** Your objective **
Pictures are not part of the answer. Return the lines from the one containing "This is a very" through the end of the data, both included, exactly as they appear.
──────── Entries provided ────────
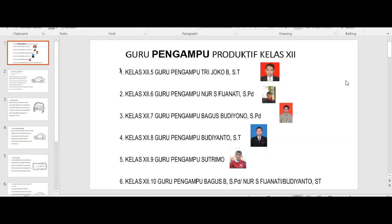Selamat pagi kepada anak-anakku semua. Mudah-mudahan pada pagi ini kalian selalu diberikan kesehatan dan dapat mengikuti pembelajaran dengan baik.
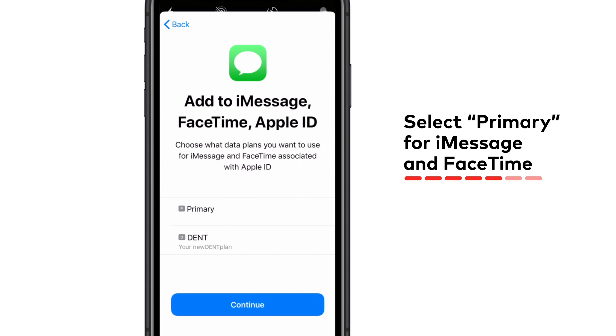Afterwards, you are asked to select how you want to use iMessage and FaceTime. As for eSIM data packages, no phone number is needed, so choose primary here.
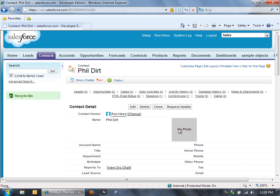I've added a little Flex application to this page that will display the photo of Phil Dirt. But I wanted to create a cool way to add new photos to these contact records.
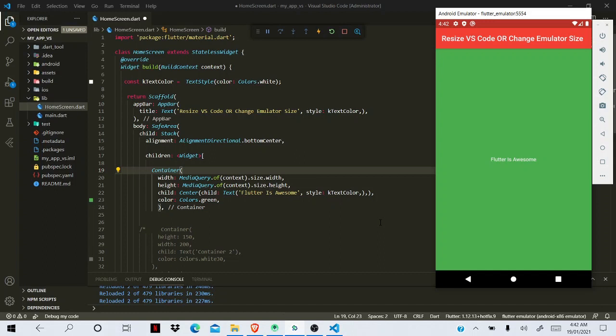Hello hi guys, today I'm going to show you how to quickly and effectively resize your VS Code so you can run your emulator and VS Code side by side. The process is similar for Android Studio, so let's start.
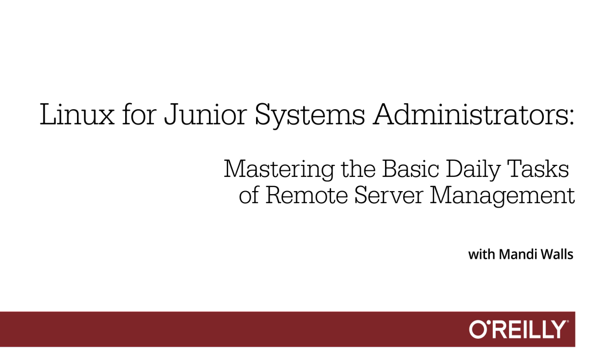In this section, we're going to talk about file permissions. Linux has a fairly straightforward set of file permissions.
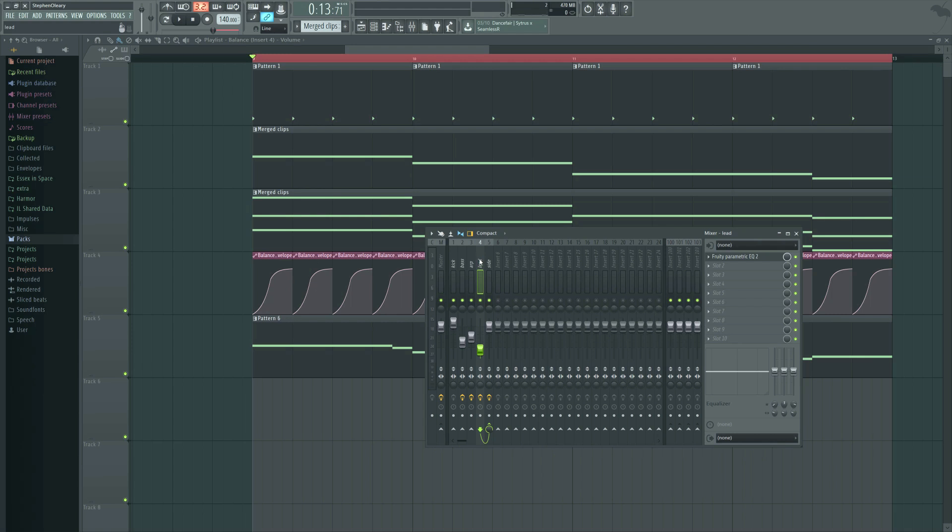So conventional wisdom will tell you that you need to have a different automation for it, a different sidechain profile, a different ducking sort of motion. And you can do that, you can take it out of the bus and have its own automation and I've done that. For much more complicated things I've had that be a thing.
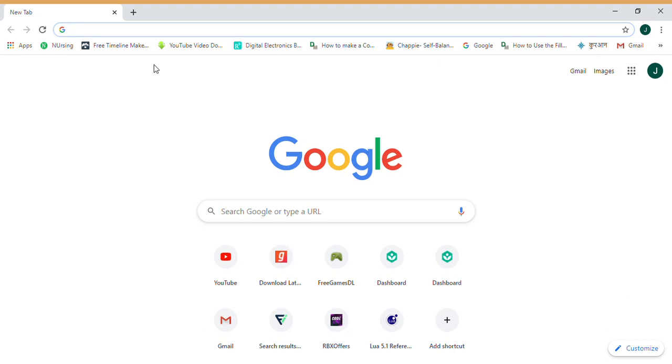Hello guys, today I am going to tell you how to download Minecraft crack version. First, go to Minecraft T Launcher.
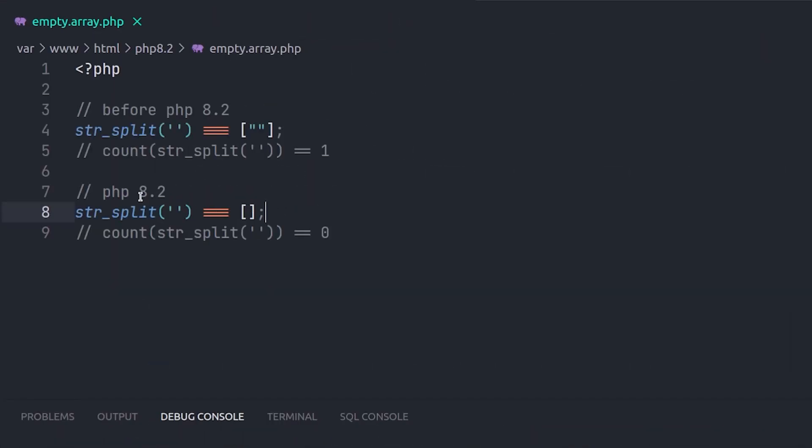str_split has been fixed for empty strings. It returns an empty array now, instead of an array with an empty string. So we can consider the output length zero.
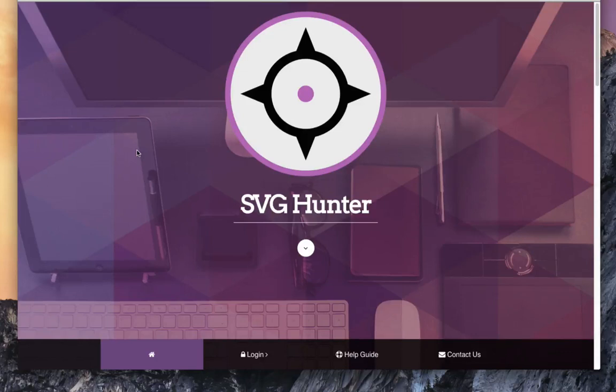Alright, hello everyone. I'm Rob with ScrappyDoo.com and I just wanted to give a short overview on the SVG Hunter program that just came out.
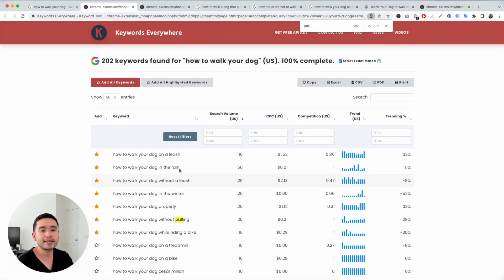This is a very simple keyword research tutorial for your website. Hopefully you found this video helpful. Please let us know by hitting the like button and subscribing to our channel. If you want to learn more about Keywords Everywhere, feel free to click any of the videos on the screen. Thank you and we will see you in the next one.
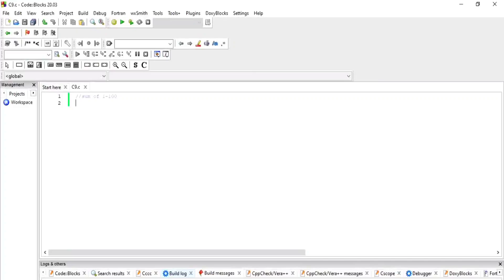Hello and welcome back to my channel GetCoded and today is our class 9 on C Programming. In today's class we are going to find the sum of the numbers.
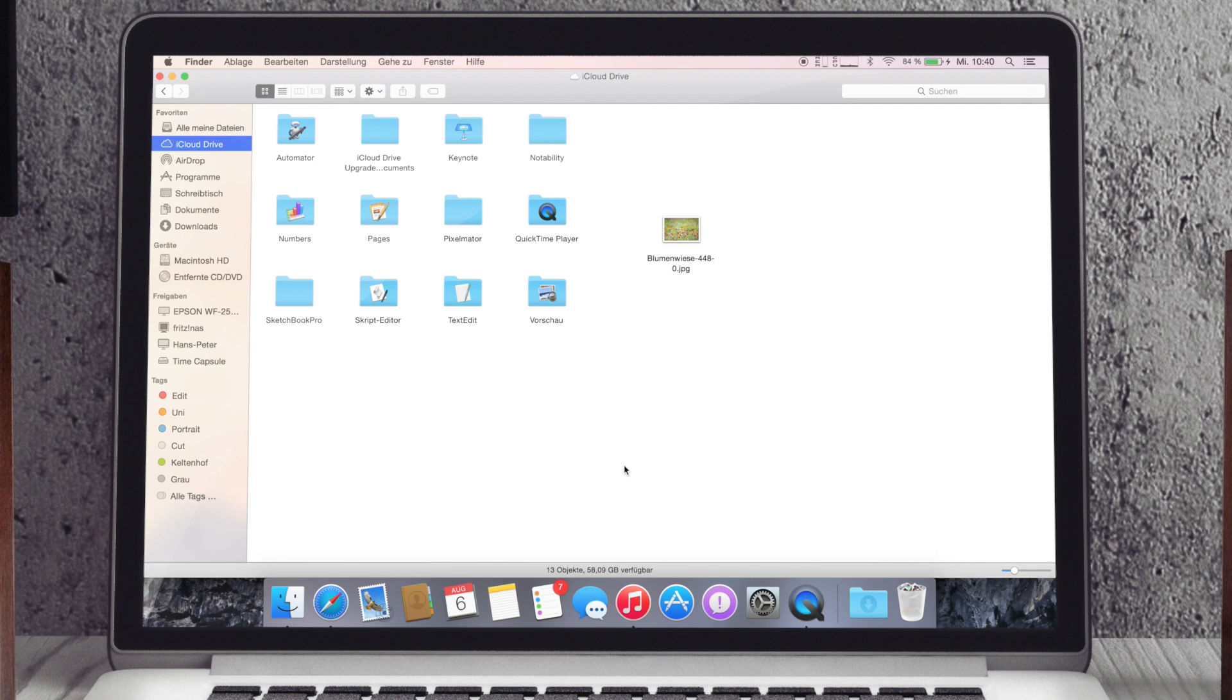Also ist halt nicht gratis, ist natürlich klar, die zahlen auch für ihren Server, aber ich finde es richtig cool. Mich freut es, dass es so funktioniert, auch jetzt schon, und ich hoffe, euch hat es jetzt auch gefallen und bis zum nächsten Mal.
────────
** Answer section **
This is a very simple keyword research tutorial for your website. Hopefully you found this video helpful. Please let us know by hitting the like button and subscribing to our channel. If you want to learn more about Keywords Everywhere, feel free to click any of the videos on the screen. Thank you and we will see you in the next one.
Hello and welcome back to my channel GetCoded and today is our class 9 on C Programming. In today's class we are going to find the sum of the numbers.
Also ist halt nicht gratis, ist natürlich klar, die zahlen auch für ihren Server, aber ich finde es richtig cool. Mich freut es, dass es so funktioniert, auch jetzt schon, und ich hoffe, euch hat es jetzt auch gefallen und bis zum nächsten Mal.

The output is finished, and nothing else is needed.